Vero cells at 5 × 105 cells/ml were prepared in MEM + 10% FBS, and 100 μl were dispensed in each well. The test was read after 7 days of incubation. Virus titre was calculated using the Reed and Muench method. VN titres were derived by computing the differences between virus titres of each serotype in the presence of negative serum and the virus titres in the presence of the serum to be tested, which is expressed as log10.
Horses
Twenty-nine horses were included in the study with 25 gelding and 4 mares, aged between 20 and 30 years. Their history record was as follows: 13 were endurance horses, 8 thoroughbred and 8 sport horses. All horses were kept in a Desert Stud Stable. During the day, the horses were inside air-conditioned stables, and at night, they had access to open paddocks. Nutrition was provided twice daily in the form of GP mix, chaff, bran, hay, supplements (corn oil, electrodex, biotin, chevinal plus syrup, olive oil) and alfalfa. Unlimited access to water was also provided. The horses were divided into 2 groups. Group 1 comprised 18 horses that were subdivided into 9 subgroups of 2, and each pair was immunised with individual serotypes 1 to 9. In Group 2, 11 horses were simultaneously immunised with a combination of vaccine 1 and vaccine 2 (see below).

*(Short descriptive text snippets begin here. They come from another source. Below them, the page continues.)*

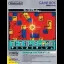 Tetris Flash - GameBoy - Retrocharting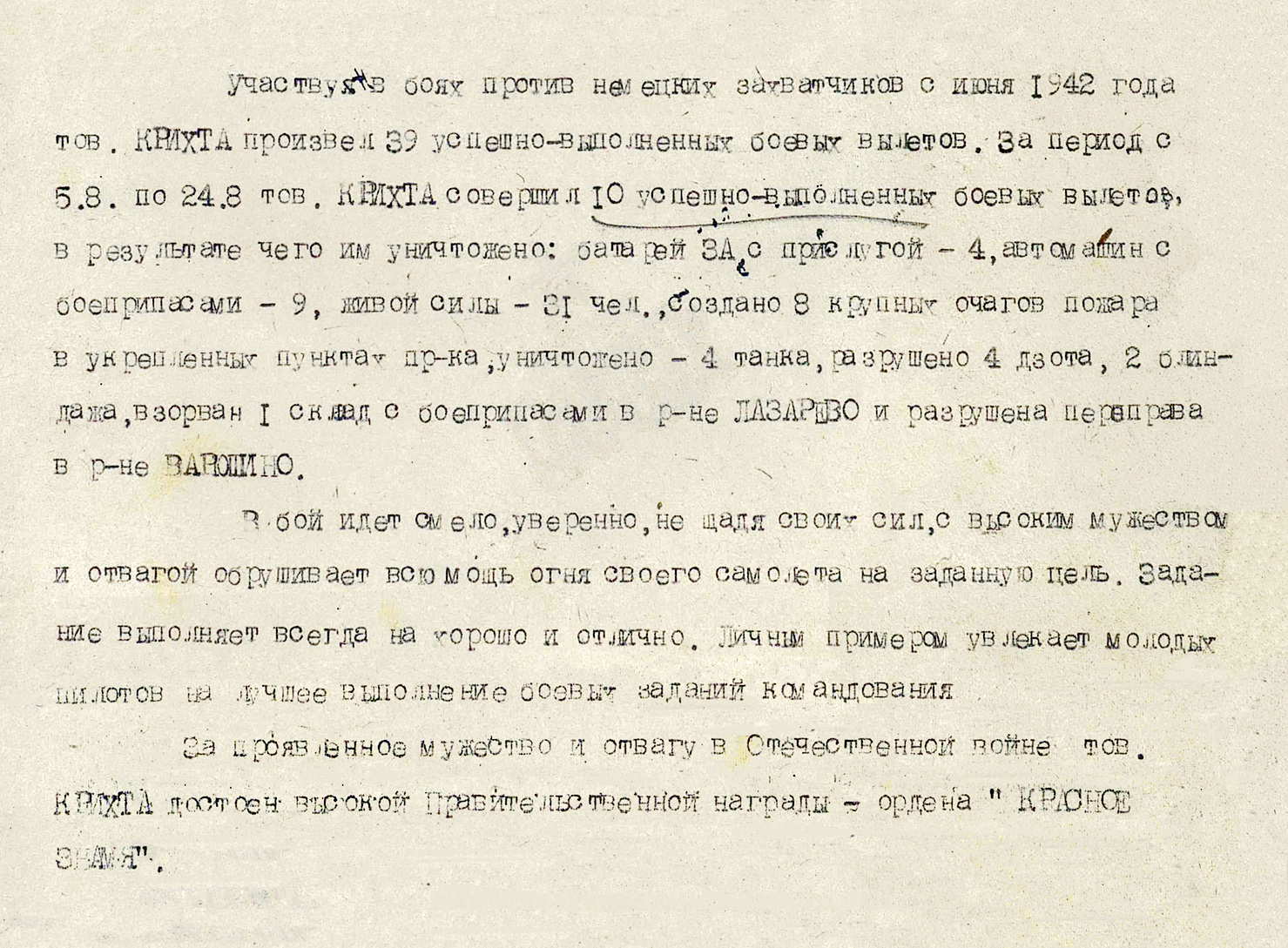 Крихта Василий Павлович — документ 1
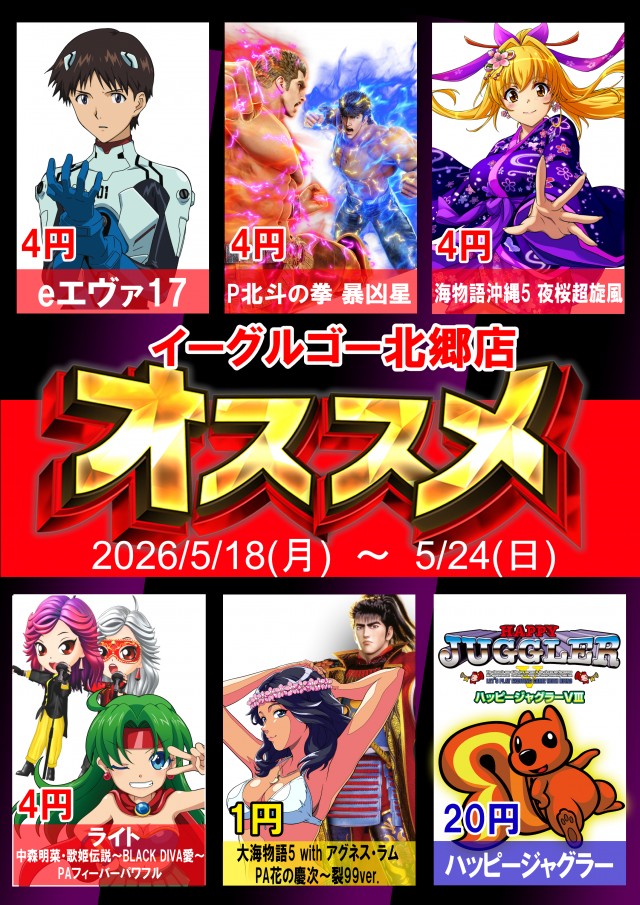 イーグルゴー北郷店の最新情報画像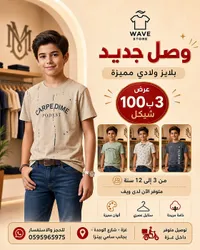 بلايز ولادي صيفية - ويف ستور (Wave Store) - سوق غزة
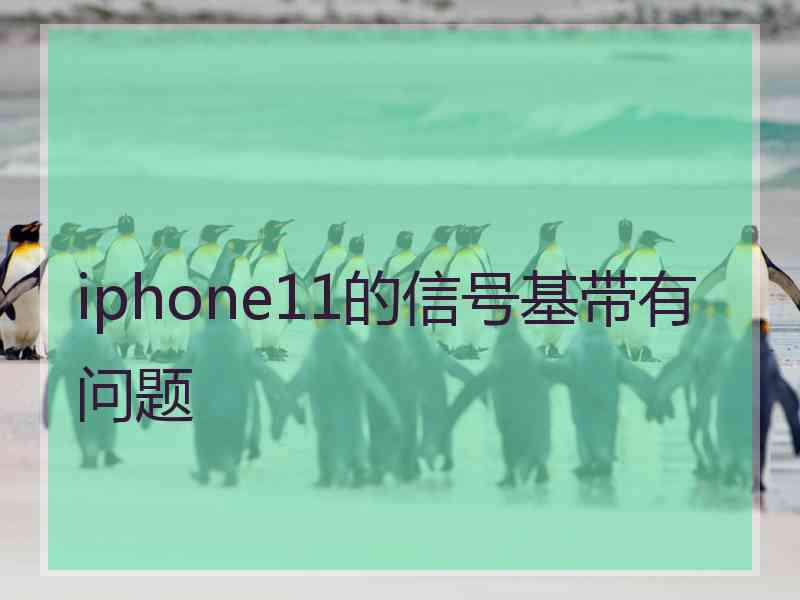 iphone11的信号基带有问题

After the experiment ended, all the animals continued with their daily routine. No horse was euthanised.
Vaccine/vaccination design/samples
Vaccine
The vaccine was formulated according to the manufacturer’s instructions with Imject Alum (Thermo Scientific, USA) as an adjuvant. The vaccines were presented in 2 forms, namely, single serotype vaccines and polyvalent vaccines administered in 2 formulations (vaccine 1 contained serotypes 1, 4, 7, 8, and 9, and vaccine 2 contained serotypes 2, 3, 5, and 6). In-house AHS antigen capture cELISA and PCR tests were employed to determine the concentration of each batch of the 9 monovalent vaccines. The antigen load was between 106.0 and 107.5 TCID50/ml. The virus concentration calculated for each serotype was the same for all three AHS vaccines, mono, quadrivalent and pentavalent.
All vaccines were manufactured and formulated prior to the start of the study. All vaccines were stored at 4–8 °C and were tested on horses for stability.
Vaccination design
On Day 0, Group 1 and Group 2, horses were immunised as follows: Group 1: 2 ml of single serotype vaccines were sc administered into the left side of the neck. Group 2: 4 ml of vaccine 1 and vaccine 2 were sc administered into the left and right side of the neck, respectively.
On Day 28, Group 1 and Group 2 received a booster. On Day 56, Group 1 received a second booster. On Day 332, Group 1 and Group 2 received an annual booster.
Samples
Blood samples were drawn from the jugular vein for cELISA and VNT every 2 weeks until the end of the trial, and blood was collected after each immunisation for 2 weeks (Days 0, 3, 7, 14) for PCR and virus isolation.
During the first 2 weeks after each immunisation, rectal temperatures were recorded twice a day, and the injection site was inspected.